Exercise prompt =>
When you reach the line containing "BV TƯ Huế: Phẩu" in the entries below, begin reproducing lines exactly, and stop once the line containing "جدید ترین استوری اینستاگرام مائده" is done.

Source records =>
================================

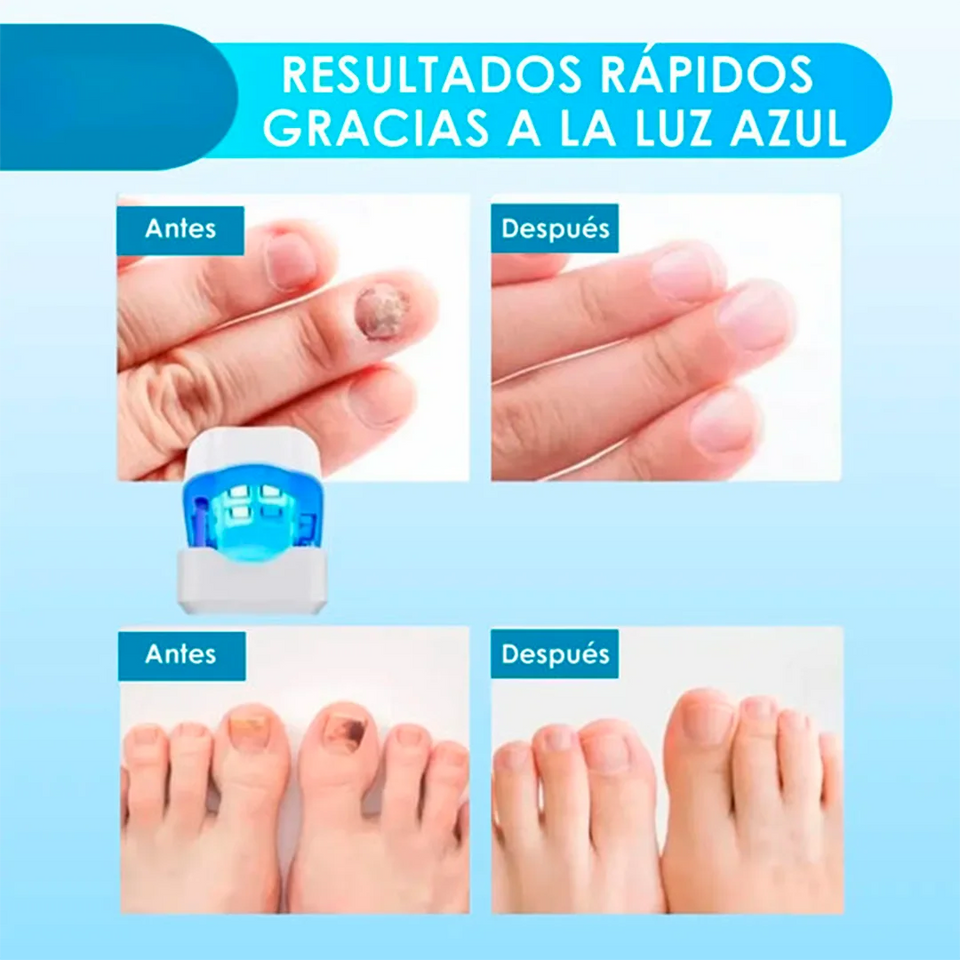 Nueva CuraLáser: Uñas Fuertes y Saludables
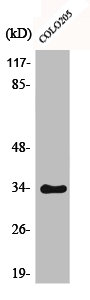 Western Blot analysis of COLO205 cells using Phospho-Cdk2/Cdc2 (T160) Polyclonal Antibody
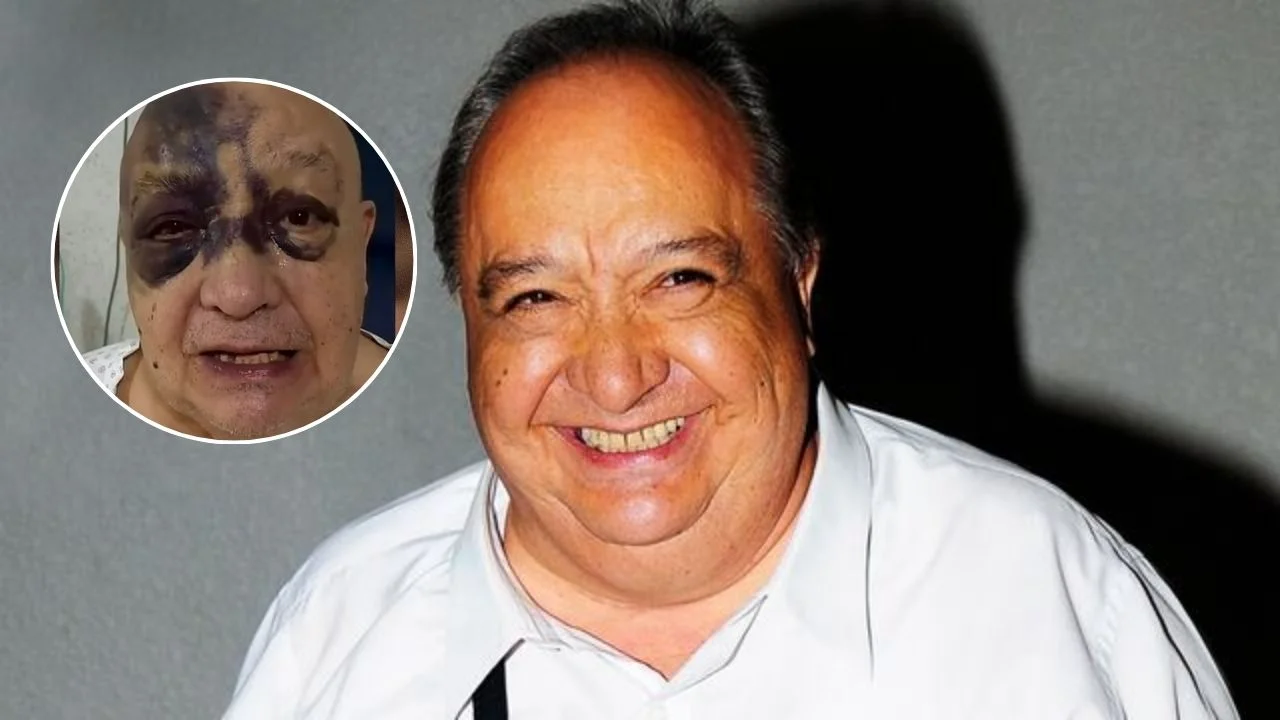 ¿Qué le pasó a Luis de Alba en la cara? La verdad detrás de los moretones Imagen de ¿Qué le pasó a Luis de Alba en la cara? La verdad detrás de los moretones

================================

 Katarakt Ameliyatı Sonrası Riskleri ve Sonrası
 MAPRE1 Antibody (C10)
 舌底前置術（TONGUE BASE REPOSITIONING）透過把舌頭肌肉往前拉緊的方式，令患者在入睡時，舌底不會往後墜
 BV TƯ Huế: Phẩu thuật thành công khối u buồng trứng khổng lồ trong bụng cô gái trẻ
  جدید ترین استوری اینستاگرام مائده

================================

Answer to this task =>
 BV TƯ Huế: Phẩu thuật thành công khối u buồng trứng khổng lồ trong bụng cô gái trẻ
  جدید ترین استوری اینستاگرام مائده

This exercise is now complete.